Risk of coronary heart disease drops to that of non-smoker.
These aren’t the only benefits of quitting. Even small things in your life will change for the better. The health of your skin will improve. Your sense of taste and smell will return, making food taste better and scents stronger. Your teeth and nails stop turning yellow. And your hair, nails and clothes no longer smell of smoke.
Smoking Cessation Tips
The timeline of health benefits shows it’s never too late to quit smoking. You can improve your health immediately. But quitting is easier said than done. Nicotine is highly addictive. Many people have tried and tried to stop smoking but can’t overcome their addiction.
Quitting cold turkey works for some people. There are many smoking cessation products, methods and programs to stop smoking that may work for others. Adopt a combination of these proven strategies to kick the habit for good.
1. Create a quit plan.
Smokers who make a quit plan are more likely to succeed. When you have a plan, you’re prepared to make the changes necessary to kick the habit and ready for the obstacles you’ll face on your quit journey. A good quit plan includes:
- A firm quit date
- Reasons for quitting
- Removal of smoking reminders and triggers
- Ways to handle triggers, cravings and nicotine withdrawal
- Support from family, friends and programs
- Rewards for hitting milestones
2. Chew nicotine gum or wear a patch.
A concrete plan and support can’t stop the cravings. Overcoming them is especially difficult in the beginning. Nicotine replacement products like Nicorette gum or Nicoderm CQ patches can help you avoid smoking while weaning you of your addiction over time. There’s just enough nicotine in these products to feed the urges. Over time, you can use them less and less until you’re completely free of your nicotine addiction.
3. Control cravings with medication.
Gum, lozenges, patches, nasal sprays and more can all help when you feel the draw to smoke. Prescription medications can too. Some can be used alongside nicotine replacement products. Prescription drugs like Zyban® or Chantix® help reduce the symptoms of nicotine withdrawal. They are more effective for smokers with severe dependencies. So if you smoke more than a pack a day, light up right after you wake up or get up in the night to have a cigarette, medication could help you quit.

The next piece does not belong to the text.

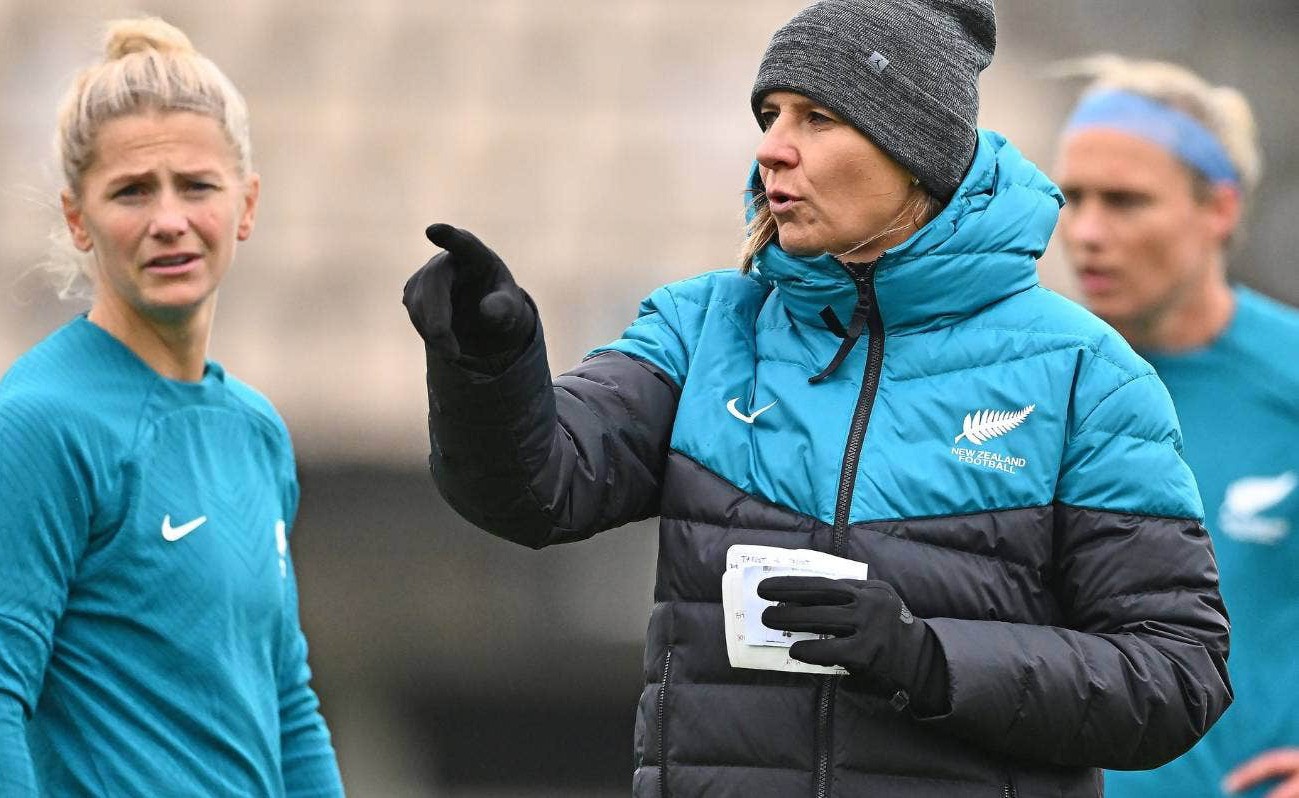 HLV New Zealand nói điều bất ngờ về tuyển nữ Việt Nam - Bóng Đá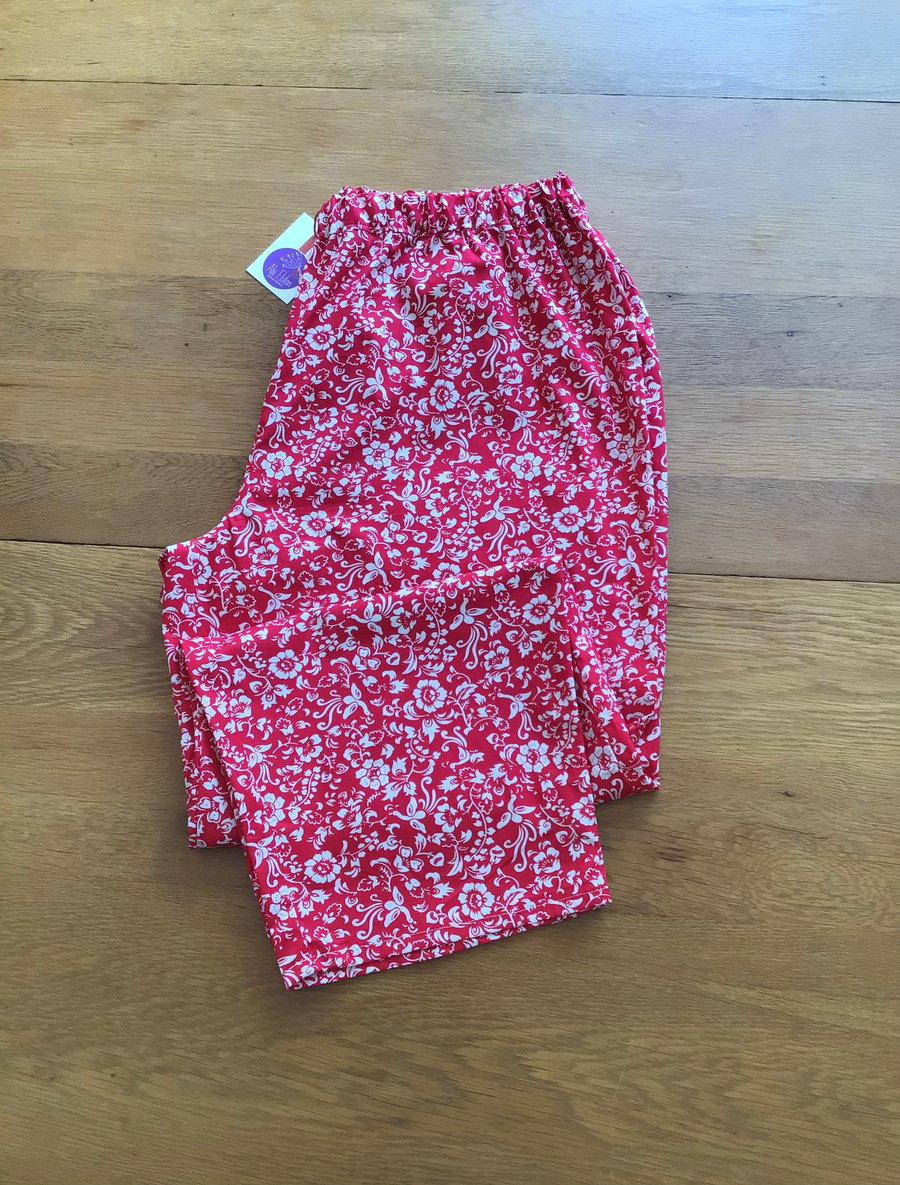 Red and White Floral Print Lounge Pants. Size Large.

There are resources and programs to help you stop smoking.
Smoking is a public health issue that receives strong support. There are a number of local and national programs to help you succeed in your goal of quitting.
Quitline Iowa is a free smoking cessation program. You can get coaching and support over the phone (at 1-800-QUIT-NOW) or email and access a variety of online resources to help you along the way. They also offer limited supplies of nicotine replacement products at no cost to you so you can more easily find the method that works for you.
Freedom From Smoking
On the national level, the American Lung Association offers one of the most effective smoking cessation programs in the country, Freedom From Smoking. You get tips, strategies, live help from quit specialists and support from other people in the community who have already quit or are going through the program alongside you.
Your Health Care Team
Your primary care provider is also a great resource. You can get nicotine replacement products over the counter and access programs online or over the phone. But for medications, you need a prescription from your doctor.
They can also assess the damage smoking has already caused. Schedule an appointment with your provider for a health check, and potentially, a lung cancer screening. Then discuss your plans to quit smoking to find the best methods for you.